Recentemente, circulou o boato falso que Lula teria vendido uma jazida de urânio para uma empresa chinesa. Na verdade, uma mineradora peruana vendeu uma mina de estanho que opera nas imediações de uma promissora jazida de urânio, no Amazonas.
Bolinhas de gude
O que Bolsonaro disse: que, apesar de ter sido acusado de formar uma organização criminosa armada, não foram encontradas armas. “As armas apreendidas foram meia dúzia de bolinhas de gude”, afirmou.O Estadão Verifica investigou e concluiu que: é falso. No voto para tornar Bolsonaro réu, o ministro Flávio Dino destacou que houve apreensão de armas brancas e de armas improvisadas no 8 de Janeiro. Ele lembrou ainda que vários dos acusados de tentativa de golpe de Estado são militares, que costumam andar armados. Vale destacar que, durante a invasão ao Planalto, participantes do movimento golpista roubaram armas não letais do Gabinete de Segurança Institucional (GSI). Em operações posteriores ao 8 de Janeiro, a Polícia Federal apreendeu armas de fogo com suspeitos de financiar o movimento antidemocrático (1, 2, 3).
Caso isolado
O que Bolsonaro disse: que o vandalismo no 8 de Janeiro aconteceu “antes de o pessoal acampado” ir para Brasília. De acordo com ele, existem vídeos que mostram que uma única pessoa sozinha quebrou tudo. O próprio presidente Lula teria dito que é preciso saber quem deixou as portas abertas do Palácio.O Estadão Verifica investigou e concluiu que: é falso. Na realidade, há múltiplos registros de que a invasão às sedes dos Três Poderes e o rastro de destruição foram causados por um grupo grande de manifestantes.
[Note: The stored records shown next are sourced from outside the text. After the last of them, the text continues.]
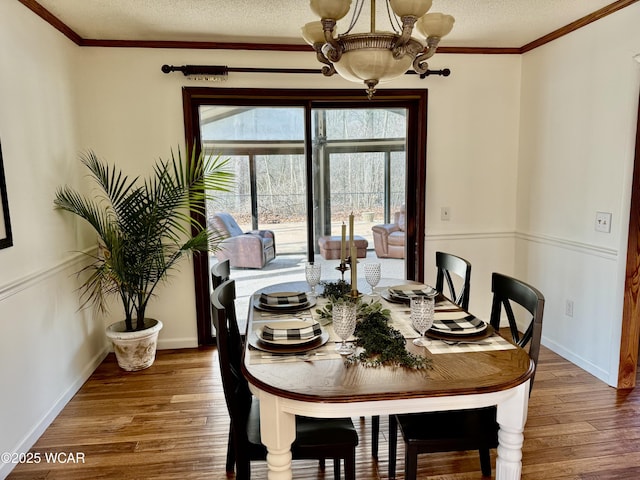 dining area featuring crown molding, an inviting chandelier, a textured ceiling, wood finished floors, and baseboards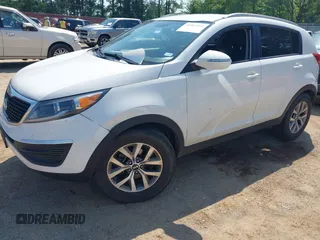 2015 Kia Sportage LX with VIN KNDPB3AC8F7720956, listed as a IAAI auction lot 41987551 with 178,281 mi miles and . Bid and sale history available at DreamBid. Image 2.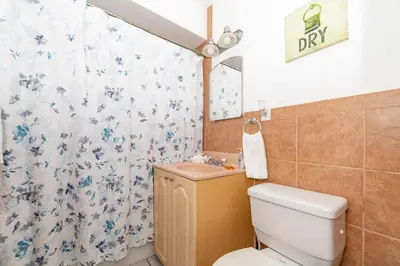 a bathroom with a toilet and a sink at Tropic Isle Hotel & Apartment in Hollywood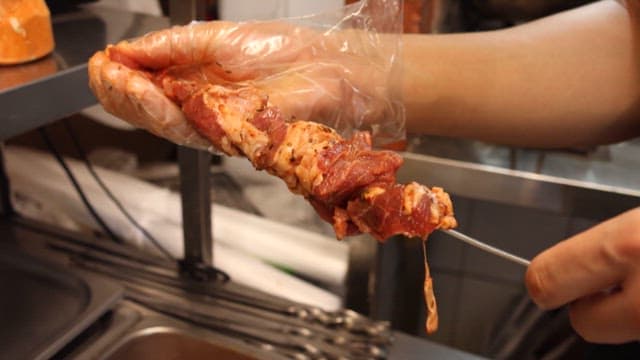 Skewering Raw Marinated Meat in a Kitchen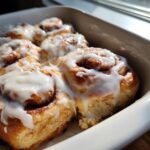 Close-up of gooey, freshly baked tiktok cinnamon rolls rhodes topped with thick white icing in a white baking dish.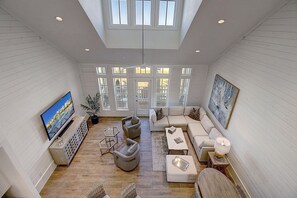 A spacious living room with a large TV, comfortable seating, and a view of the outdoors through large windows.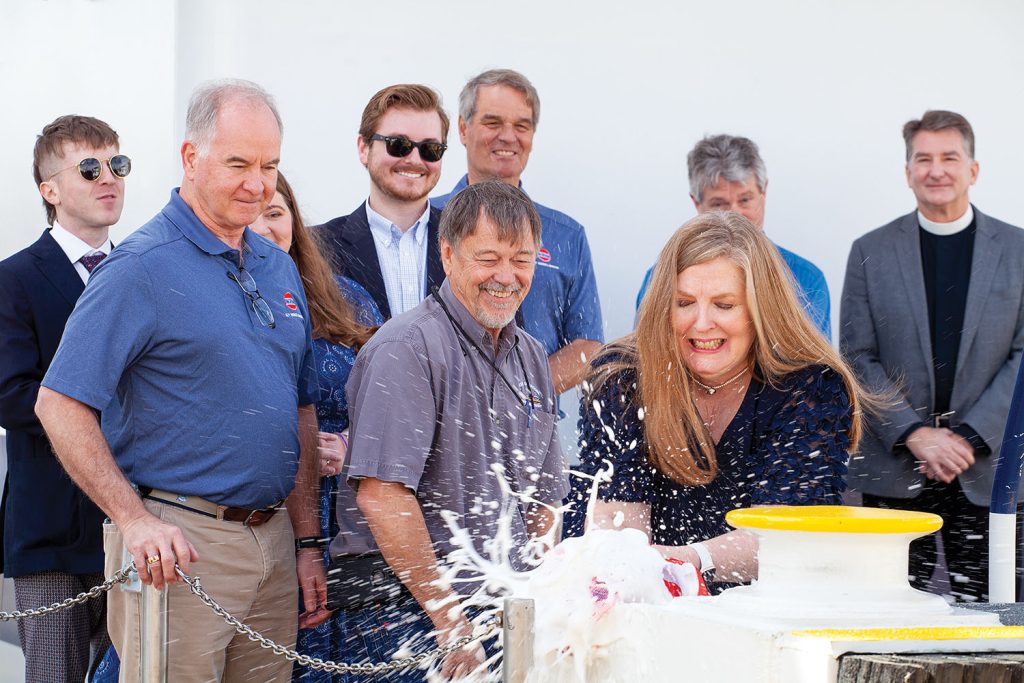 Tammy Morton, wife of Patrick Morton, Ingram vice president-logistics and customer services, christens the mv. Patrick L. Morton. (Photo by Frank McCormack)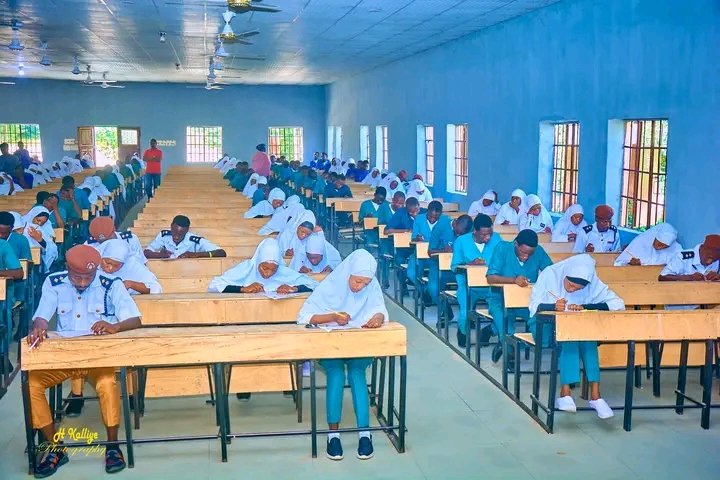 Students writing papers in an examination hall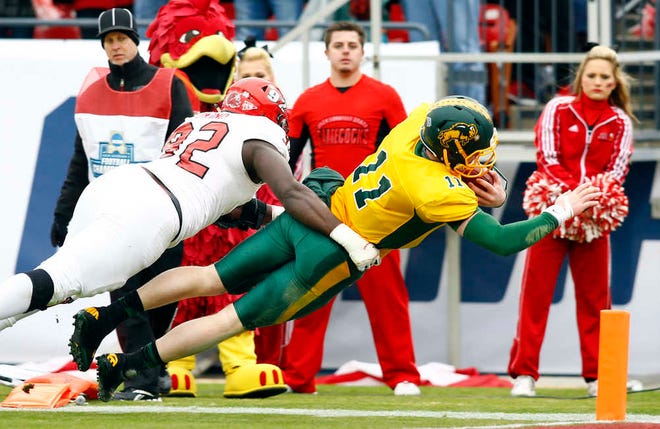 North Dakota State quarterback Carson Wentz dives for a touchdown as Jacksonville State defensive lineman Desmond Owino tries to tackle him during the first half of the FCS championship game on Saturday in Frisco, Texas. (AP Photo/Mike Stone)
Não há provas que sustentem que apenas “um cara sozinho” quebrou tudo, ao contrário do que diz Bolsonaro.
O plenário do STF, por exemplo, foi invadido e depredado (veja aqui). Cadeiras dos ministros foram arrancadas e janelas foram quebradas. No Palácio do Planalto, também há registros de destruição. Os invasores danificaram obras de arte, como o quadro “As Mulatas”, de Di Cavalcanti, e o relógio de mesa de Balthazar Martinot.
Bolsonaro desinforma também ao tirar de contexto a declaração de Lula. A fala do petista não se refere a um único responsável, como insinua o ex-presidente. Na realidade, poucos dias depois dos atos golpistas, Lula apontou uma suposta conivência da Polícia Militar e das Forças Armadas com os criminosos.